- Loteto Convent Crest

Location
- Kaithu (Tara Hall), Shimla, Himachal Pradesh India 31°06′38″N 77°09′51″E﻿ / ﻿31.1105°N 77.1642°E

Information
- Type: Catholic school
- Motto: Maria Regina Angelorum Cruci Dum Spiro Fido
- Established: 1892; 134 years ago
- School district: Shimla
- Principal: Mrs. Reetu Khanna Sharma
- Staff: 75
- Enrollment: 1835
- Colours: Blue & Grey
- Affiliation: CBSE
- Website: www.loretoshimla.org

= Loreto Convent, Tara Hall, Shimla =

Loreto Convent, Tara Hall is an English-medium high school located in Upper Kaithu, Shimla, Himachal Pradesh, India. The school is run by the Loreto Education Society.

== Tradition ==
Loreto Convent, Tara Hall belongs to the worldwide family of the Institute of the Blessed Virgin Mary, also known as Loreto, which was founded by an English woman, Mary Ward. Loreto Sisters and the Loreto Associates are involved in various ministries in every
continent, carrying forward Mary Ward's vision of Integrity, Justice, Freedom and Love as essential qualities for any person. She desired that women in particular find their rightful place in the world and society in which they live, becoming people of reflection and discernment in making choices, and learning to "refer all things to God". Developing sincere and right relationships was central to her way.
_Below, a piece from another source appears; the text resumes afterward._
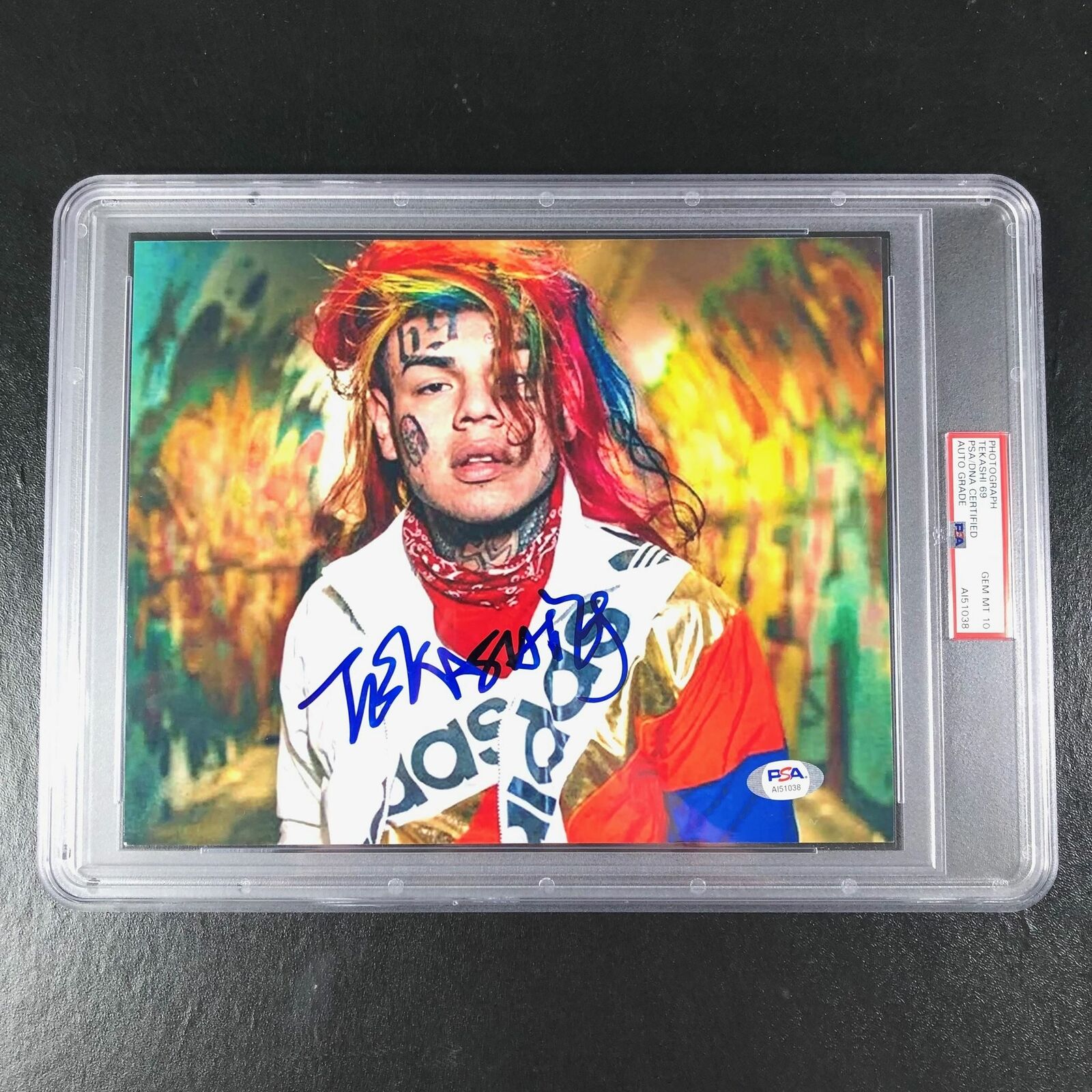 Tekashi69 Signed 8x10 Photo Poster painting PSA Encapsulated Auto Grade 10 Gem Mint Rapper 6ix9i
Mary Ward also emphasised the need for deep joy, or ‘felicity’.

Loreto Convent, Tara Hall, Shimla is one of 15 Loreto schools in India. It is an English medium high school for girls, managed by the Shimla Loreto Educational Society. The school is a day school, affiliated with the Central Board of Secondary Education (CBSE), Delhi and has classes from Nursery to Class XII. Until 2010, the school was affiliated to the ICSE Board. The school has about 50 staff members with more than 1000 students. Tara Hall gets its name from a building of the same name in Ireland.
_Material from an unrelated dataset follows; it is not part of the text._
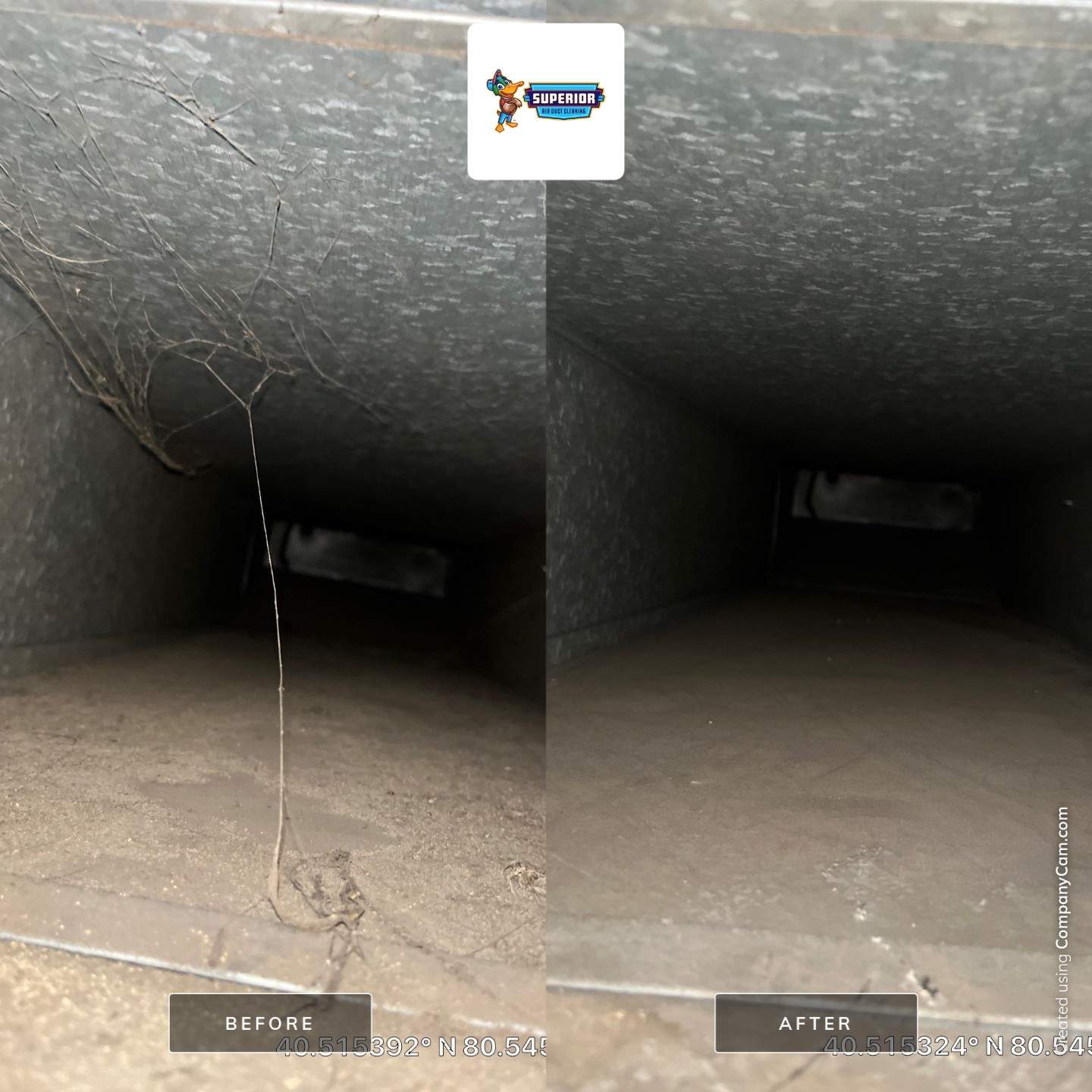Air Duct Cleaning With a Vacuum Truck in New Cumberland, WV by Superior Air Duct Cleaning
The school is divided into three wings: Junior School, Middle School and Senior School. The school campus is one of the largest in Shimla and features large accommodations and four playgrounds.

==History==
The Loreto Sisters came to Shimla in 1892 with a view to provide good quality education for girls in the hills. After purchasing the twin properties of Tara Hall and Bellevue, the sisters established themselves on the present site on 30.11.1895. Soon after, to cater to the needs of the underprivileged, St. Joseph's School was opened in the vicinity. In 1904, Tara Hall and St. Joseph's were amalgamated. In 1946, the Day School at Willows Bank on the Mall, known as Loreto Chalet Day was opened. Darbhanga House was procured from the Maharaja of Darbhanga in March 1964, where now the new School Building stands.
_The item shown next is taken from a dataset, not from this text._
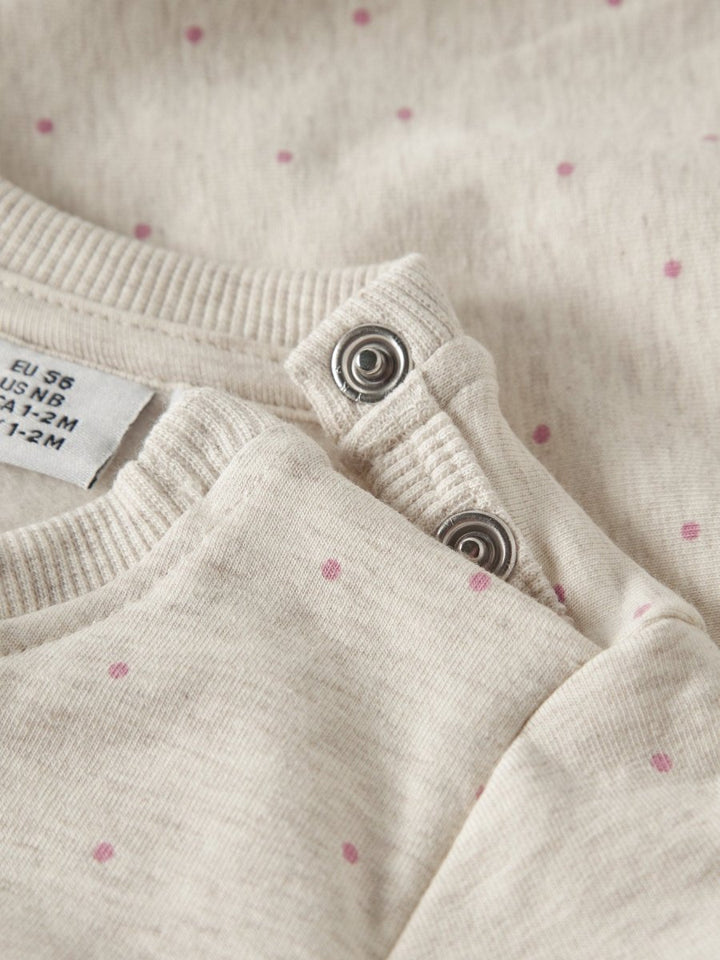 name it baby LUELLE LS SWEAT - Peyote Melange | Torgunns Barneklær AS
In 1913, the Cambridge Exams were introduced and in 1916 the school secured first place in Punjab in the High School Examination. In 1992, the School celebrated its centenary year.

From 1995 for 13 years the school was under the management of the Sacred Heart Sisters, but in 2008 the Loreto Sisters returned to Shimla. In 2010 the School changed over to the CBSE Board and Classes 11 & 12 was introduced.

==Sections==
The School is divided into two wings. The Junior Wing consists of classes from Nursery to Fifth and the Senior Wing Consists of classes from Sixth to Twelfth in the two buildings, Belle Vue and Tara Hall. Facilities include a large assembly room and laboratories for physics, chemistry, biology, and computers.